Reflections on Revenge
By Michael J. Brooks
I’d not really planned on reading it, but the bookstore I was in last weekend had a special price on the new Hillary Clinton book, What Happened. I’ve found it hard to put down. Clinton admits to numbers of mistakes during her presidential campaign, but she doesn’t stop there! She proceeds to settle scores with many people she considers impediments, including Vladimir Putin, Franklin Graham, Bernie Sanders, Fox News, Jim Comey and the Republican Party.
But Mrs. Clinton uses her book to speak, and write, the last word!
Of course, hers isn’t the first memoir to settle scores. My generation remembers Don Regan who served as treasury secretary and White House chief of staff in the Reagan White House. He allegedly angered Nancy Reagan who urged her husband to dismiss him. In his memoirs, Regan wrote on page one about Nancy Reagan consulting an astrologer who controlled the president’s schedule. Later the astrologer, Joan Quigley, wrote her own book and tried to explain how she gave some assurance to Mrs. Reagan after the attempted assassination.

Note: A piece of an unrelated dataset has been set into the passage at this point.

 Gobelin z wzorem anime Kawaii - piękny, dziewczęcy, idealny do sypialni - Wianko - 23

Most of us can’t write books to settle scores. Thus, we find other ways.
One way we seek revenge is to tell others about our injustices in order to garner support. If I can convince you my enemy is evil, then it makes me feel better to have reinforcements. Of course, we’re good at telling our own version of the particular offense, and in such a way as to make us seem virtuous.

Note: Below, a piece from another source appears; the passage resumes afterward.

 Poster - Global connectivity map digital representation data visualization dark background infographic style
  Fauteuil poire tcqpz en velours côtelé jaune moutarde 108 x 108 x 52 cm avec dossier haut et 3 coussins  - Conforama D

Another way we seek revenge is to bide our time to say a negative word at an opportune time in someone’s life. I’ve known a few people who’ve taken job reference calls, for example, and used these to hurt someone’s opportunity for advancement because of some earlier slight against them or someone they love.
The phrase, “revenge is sweet,” goes back to Homer. But God’s word has a different exhortation: “Dearly beloved, avenge not yourselves. Therefore, if thine enemy hunger, feed him; if he thirst, give him drink: for in so doing thou shalt heap coals of fire on his head. Be not overcome of evil, but overcome evil with good” (Romans 12).
Gen. Robert E. Lee had it right.
It was known that Gen. Joe Johnston disliked Lee. His officers were surprised when Lee said nice things about Johnston.
“General Lee,” an officer said, “I guess you don’t know what he’s been saying about you.”
“I know,” answered Lee. “But I was asked my opinion of him, not his opinion of me.”